Transportation Secretary Sean Duffy said the enforcement is intended to ensure the public has confidence that school bus and truck drivers are trained properly before getting behind the wheel. He also pointed to a Florida crash that he said involved a truck driver who was not authorized to be in the U.S., and the crash killed three people. The department said other fatal crashes since then, including one in Indiana earlier this month that killed four people, reinforced safety concerns.
In its announcement, the department said 448 of the schools targeted for closure failed to meet basic safety standards. Inspectors cited problems such as employing unqualified instructors, failing to test students’ skills adequately, failing to teach students how to handle hazardous materials, and using the wrong equipment to train drivers.
The department said another 109 schools removed themselves from the registry when they learned inspections were planned. The department said it was not immediately clear how many students were enrolled at the schools being decertified or how many graduated, and it said officials may follow up on those graduates later.
The Transportation Department said the list of schools targeted for closure includes smaller programs and, in some cases, school district-run operations. It said that five larger, more established programs associated with the national Commercial Vehicle Training Association were audited and passed, while another 97 schools were under investigation for compliance issues.
Some in the trucking training industry said they support the enforcement approach aimed at weeding out schools that fail to meet requirements. Jeffery Burkhardt, chair of the national trucking schools group, said established schools welcome efforts to eliminate “bad schools” and argued the audits represent the first time regulators have enforced the standards for driving schools that were passed in 2022. Burkhardt said those audits create “no problem” for reputable providers, arguing that the “good players have no problem with it” and that compliance reviews remove bad operators. Another trucking schools advocate, Burkhardt also said that he hoped any unqualified drivers would have been screened out before reaching the highway through state skills tests.
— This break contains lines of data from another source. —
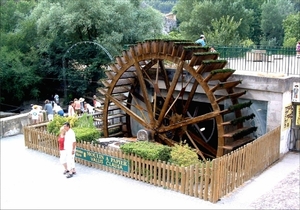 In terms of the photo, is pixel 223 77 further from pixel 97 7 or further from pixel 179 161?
pixel 97 7

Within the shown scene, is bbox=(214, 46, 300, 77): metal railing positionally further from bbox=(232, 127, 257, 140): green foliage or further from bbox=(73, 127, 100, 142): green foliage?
bbox=(73, 127, 100, 142): green foliage

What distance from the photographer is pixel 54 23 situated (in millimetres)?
26484

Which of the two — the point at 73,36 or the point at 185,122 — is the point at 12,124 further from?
the point at 73,36

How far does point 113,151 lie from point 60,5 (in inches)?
764

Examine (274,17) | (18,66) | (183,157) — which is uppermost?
(274,17)

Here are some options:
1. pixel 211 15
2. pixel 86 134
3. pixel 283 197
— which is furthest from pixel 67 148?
pixel 211 15

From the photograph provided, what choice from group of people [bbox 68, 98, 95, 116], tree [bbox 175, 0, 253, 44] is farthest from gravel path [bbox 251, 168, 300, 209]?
tree [bbox 175, 0, 253, 44]

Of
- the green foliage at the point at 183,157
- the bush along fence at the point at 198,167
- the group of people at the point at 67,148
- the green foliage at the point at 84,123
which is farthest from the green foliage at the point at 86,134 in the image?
the green foliage at the point at 183,157

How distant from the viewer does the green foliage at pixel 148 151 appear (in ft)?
32.2

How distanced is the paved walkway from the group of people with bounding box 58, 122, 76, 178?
8.3 inches

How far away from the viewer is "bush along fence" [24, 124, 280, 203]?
879cm

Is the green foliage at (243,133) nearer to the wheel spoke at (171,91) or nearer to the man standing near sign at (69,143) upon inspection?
the wheel spoke at (171,91)

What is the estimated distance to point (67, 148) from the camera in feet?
33.7

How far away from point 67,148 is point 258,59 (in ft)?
25.2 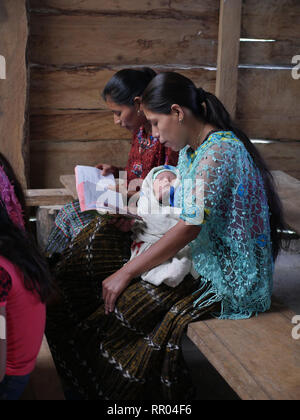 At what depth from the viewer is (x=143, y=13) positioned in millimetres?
3967

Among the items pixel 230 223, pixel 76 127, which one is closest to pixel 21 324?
pixel 230 223

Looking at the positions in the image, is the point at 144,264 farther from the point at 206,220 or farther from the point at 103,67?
the point at 103,67

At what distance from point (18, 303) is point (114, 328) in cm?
82

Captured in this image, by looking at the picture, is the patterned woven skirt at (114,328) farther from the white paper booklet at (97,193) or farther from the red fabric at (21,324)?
the red fabric at (21,324)

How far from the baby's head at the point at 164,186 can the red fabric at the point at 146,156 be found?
53 centimetres

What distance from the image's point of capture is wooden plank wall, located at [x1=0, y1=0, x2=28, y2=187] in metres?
3.65

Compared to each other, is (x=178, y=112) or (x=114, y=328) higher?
(x=178, y=112)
The department also said it wants to address what observers describe as limited oversight in the past, noting that schools and trucking companies can effectively self-certify when they apply to operate and that questionable programs might not be caught until later when the Federal Motor Carrier Safety Administration conducts audits. The department’s statement did not provide new details on the number of people affected by the decertifications, but it said the agency may look at outcomes for graduates.
Trucking industry groups said they praised the decertification actions. The American Trucking Association and the Owner Operator Independent Drivers Association commended the effort to shut down what they described as “sham schools” that do not meet safety standards. Todd Spencer, president of the independent owners group, said reliance on questionable training schools “fueled a destructive churn” in the industry, arguing that some companies chose to cut corners by pushing undertrained drivers onto the road rather than addressing retention problems and working conditions.
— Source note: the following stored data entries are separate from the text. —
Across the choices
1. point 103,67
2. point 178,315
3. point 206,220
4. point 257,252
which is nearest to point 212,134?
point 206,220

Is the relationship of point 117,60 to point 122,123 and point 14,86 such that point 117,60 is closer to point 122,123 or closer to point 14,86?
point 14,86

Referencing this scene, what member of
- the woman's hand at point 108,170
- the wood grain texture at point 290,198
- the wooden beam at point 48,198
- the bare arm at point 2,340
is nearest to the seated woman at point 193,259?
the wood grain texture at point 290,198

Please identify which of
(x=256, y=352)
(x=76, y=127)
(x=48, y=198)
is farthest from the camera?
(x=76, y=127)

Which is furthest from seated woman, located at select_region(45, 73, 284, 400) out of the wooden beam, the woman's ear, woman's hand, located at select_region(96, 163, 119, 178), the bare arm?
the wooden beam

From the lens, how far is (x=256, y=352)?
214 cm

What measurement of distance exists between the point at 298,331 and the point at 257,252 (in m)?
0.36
The department said its enforcement also links to federal funding and compliance measures. It said the administration has threatened to withhold federal funding from states that do not clean up their commercial driver’s license programs, and it reported that California is the only state to lose funding so far with the federal government planning to withhold $160 million. The department said it is threatening to withhold $128 million from Illinois after an audit found problems with nearly 20% of the 150 licenses it reviewed, and it said problems in 10 states have included licenses that remained valid after a person’s authorization to be in the U.S. expired and instances where states did not show they checked a driver’s immigration status before issuing a license.